Monthly Archives: July 2015

  • The Two Faces of January

    Hossein Amini (2014)

    Well known as a screenwriter – of films such as Jude (1996), The Wings of the Dove (1997), Drive (2011) and Snow White and the Huntsman (2012) – Hossein Amini is directing his first feature here.  The dynamics of the three main actors are strong:  for much of the time, I was absorbed by these as much as by the story, which Amini adapted from Patricia Highsmith’s 1964 novel of the same name.  Neither Viggo Mortensen nor, to a lesser extent, Oscar Isaac seems ethnically right for his role but it’s always interesting to watch good actors grappling with parts in which they’re somewhat miscast.  An American couple, Chester McFarland and his much younger wife Colette (Kirsten Dunst), are holidaying in Greece.  They meet and strike up a relationship with a compatriot, a tour guide called Rydal Keener (Isaac).  I don’t mean to suggest that a moneyed American tourist in Europe in 1962 was bound to have been brashly extrovert but Mortensen’s low-key playing and his reserve do tend to limit the dramatic effect of the series of reverses suffered by Chester McFarland.  When the fair-haired, suntanned couple are first seen in their cream and white clothes strolling around the Parthenon, the McFarlands exude a golden ease and complacency but it’s soon plain to see – too soon and too plain – the thinness of Chester’s veneer.  Later on, when he’s drunk and scared, Mortensen doesn’t convey enough crude anger; he’s too exotic and classy as an American who’s meant to have worked his way up from a bad start in life (shades of A History of Violence).  There are no such problems with Kirsten Dunst’s characterisation of Colette:  she’s entirely persuasive as a woman who knows how attractive she is and likes lightly flirting with other men but only as a prelude to enjoying her handsome husband and the material treats he provides her with.  Colette appears to know that Chester’s financial dealings are shady; provided they sustain her comfortable, pleasurable life and no one calls Chester to account, she doesn’t really care.

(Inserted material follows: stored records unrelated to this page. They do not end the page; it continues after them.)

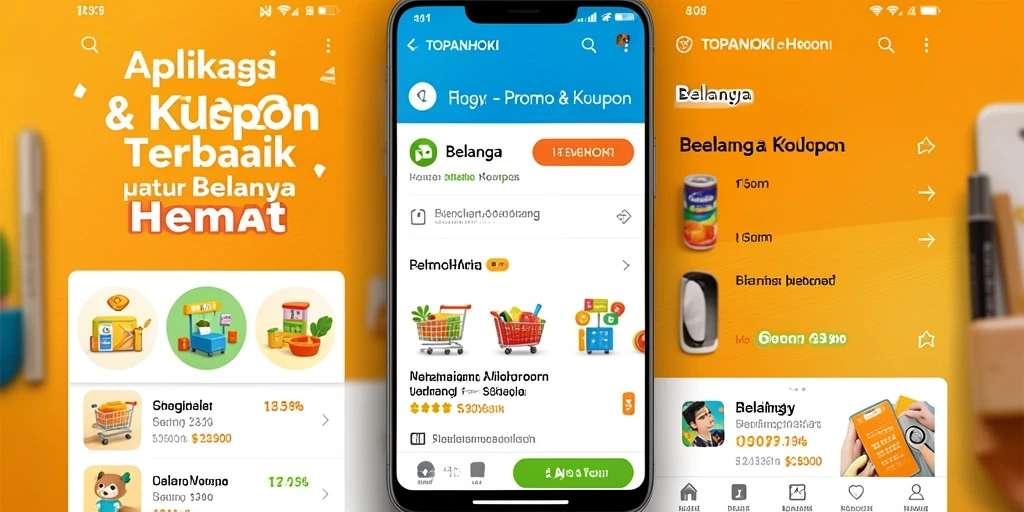 Tampilan antarmuka aplikasi TOPANHOKI menampilkan berbagai kupon dan promo menarik.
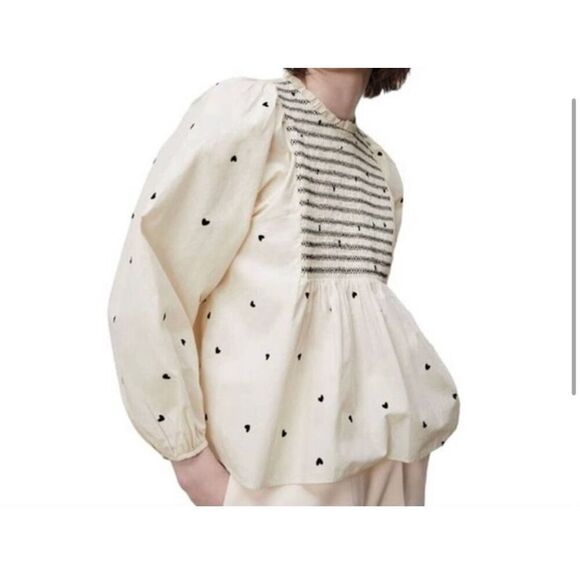 ZARA Heart Print Long Puff Sleeve Romantic Baby Doll Blouse Size Small - Picture 2 of 5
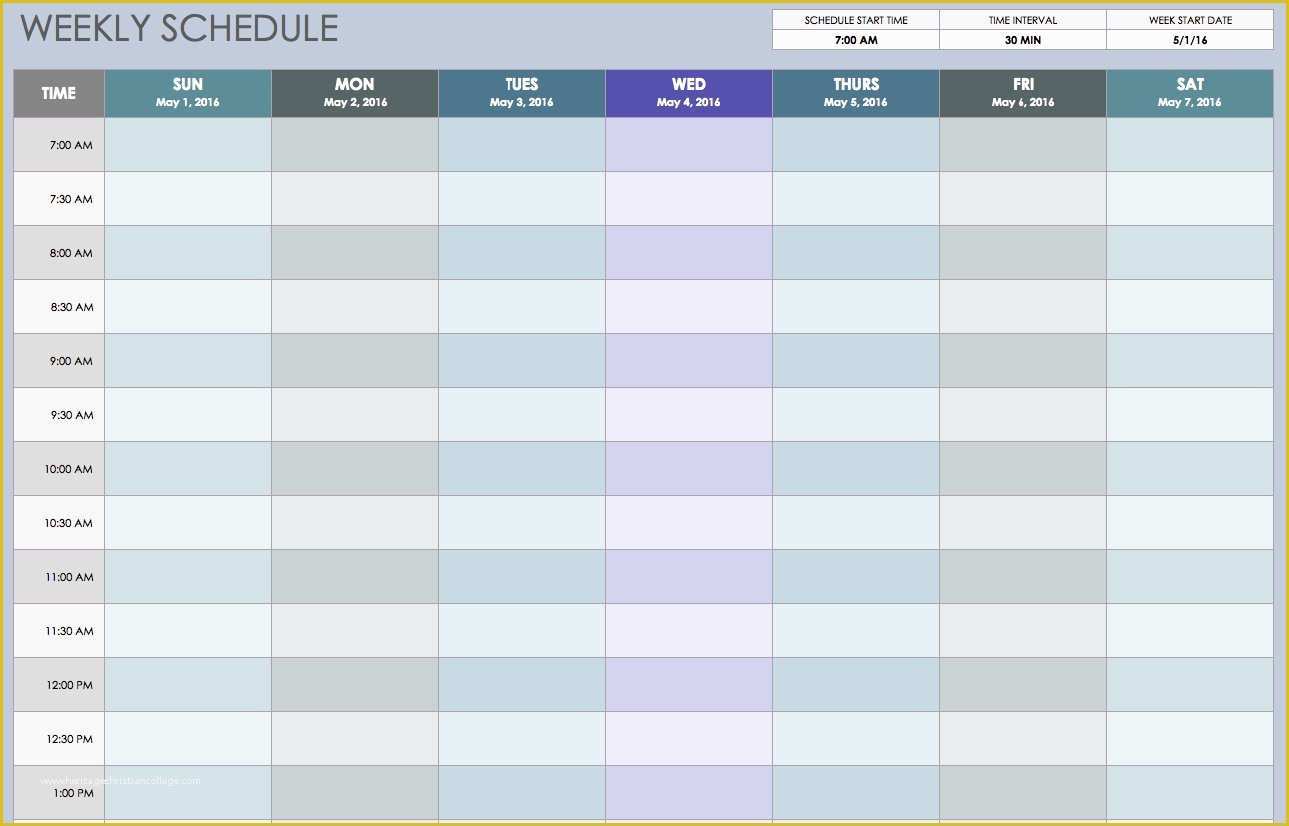 Weekly Work Schedule Template Free Download Of Free Weekly Schedule Templates for Excel Smartsheet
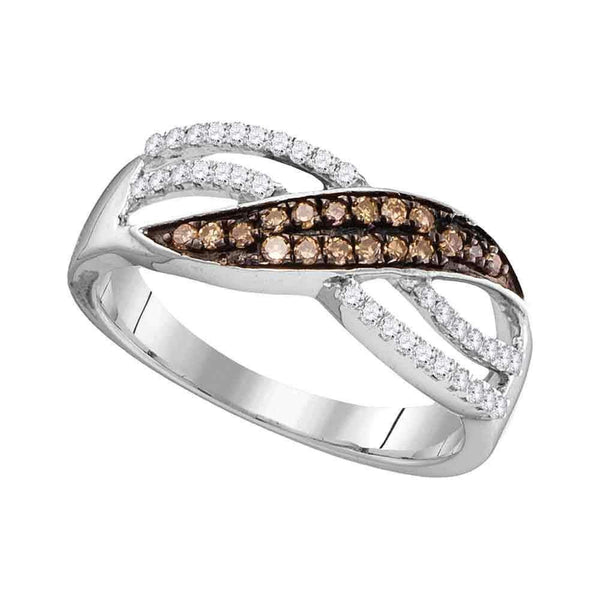 10kt White Gold Women's Round Brown Color Enhanced Diamond Band Ring 1-3 Cttw - FREE Shipping (US/CAN)-Gold & Diamond Bands-JadeMoghul Inc.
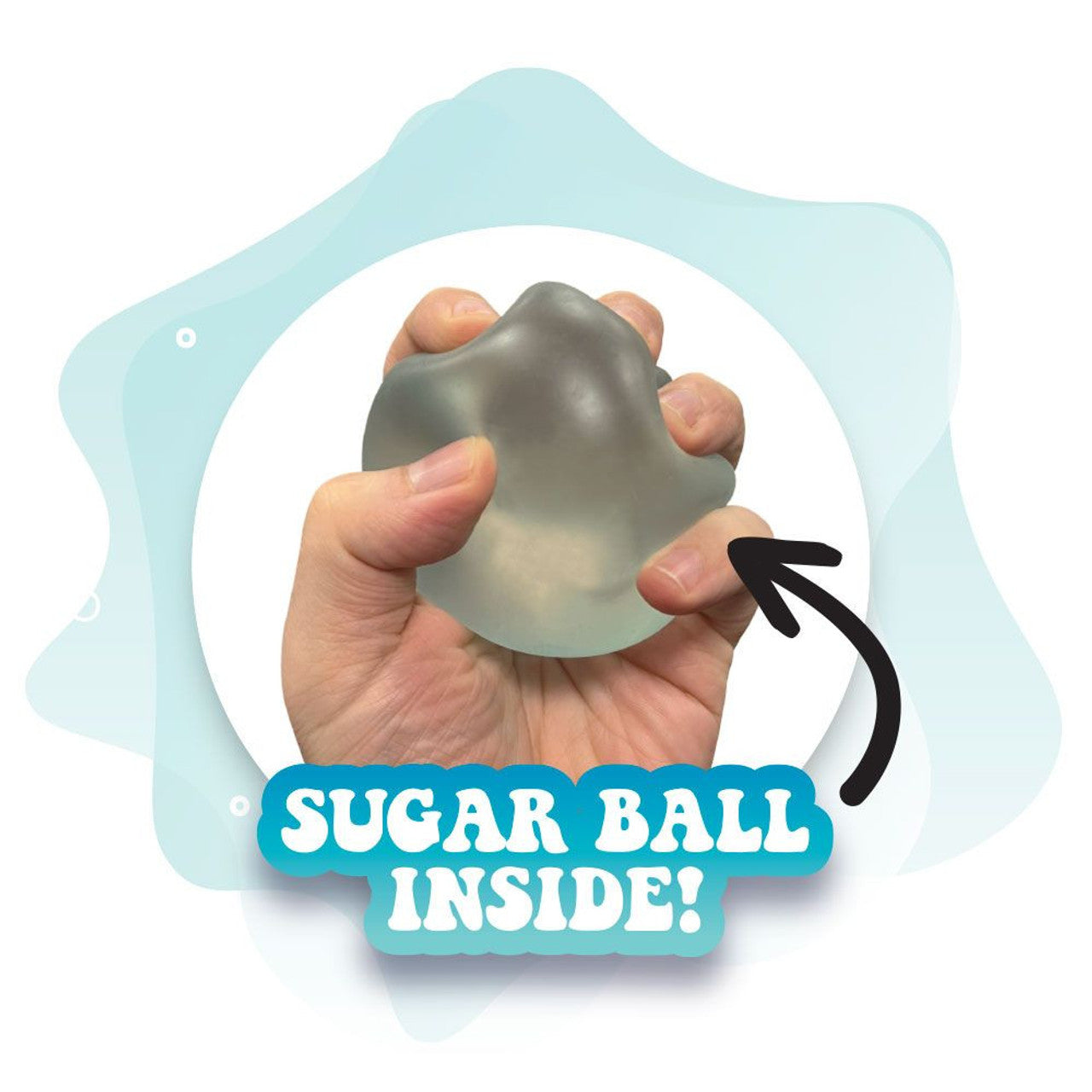 Super Duper Sugar Squishers - Plush Sugar Bear Donuts Edition by Top Trenz - hand holding the sensory toy sugar ball that is inside of the super duper sugar squishers plush, 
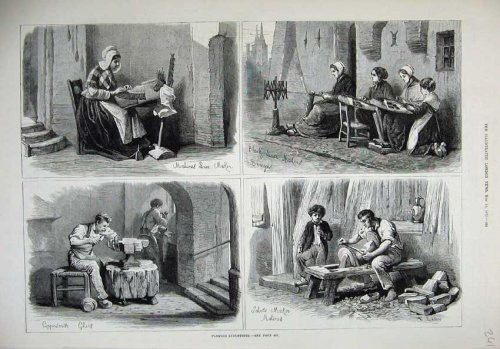 1879 FLEMISH INDUSTRIES LACE MAKER COPPERSMITH SOCK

    Of course, Chester is called to account.  He and Colette are preparing to make love when there’s a knock on their hotel room door.  They’ve just returned from an evening with Rydal and his temporary companion Lauren (Daisy Bevan), a pretty and innocent American girl whom we saw the young tour guide cheat of a few drachmas at the café where he first got into conversation with the McFarlands.  Rydal discovers that, when his new acquaintances got out of the taxi taking the foursome back to their hotels, Colette left behind the bracelet that he helped Chester buy for her from a local vendor (with this transaction too, Rydal haggles his way – in modern Greek which the McFarlands don’t have – to personal profit).  When that knock comes on the couple’s door, you assume it’s Rydal with the bracelet.  It turns out to be an American private detective (David Warshofsky), who’s tracked down Chester, on behalf of people he cheated of their investments.  The detective and Chester talk then struggle in the en suite bathroom; the former falls and hits his head on the tiled floor.   Rydal arrives in the corridor just as Chester is trying to drag the detective back to the latter’s own hotel room.  Chester asks Rydal to help him, explaining that the unconscious man is blind drunk.  In fact, as Chester already knows, he’s dead.  The McFarlands, in order to make a quick exit from the hotel, have to leave their passports behind in it.  Rydal knows a local who can forge replacements but there will be a delay of a few days.  The trio set off for Heraklion to take cover there in the meantime.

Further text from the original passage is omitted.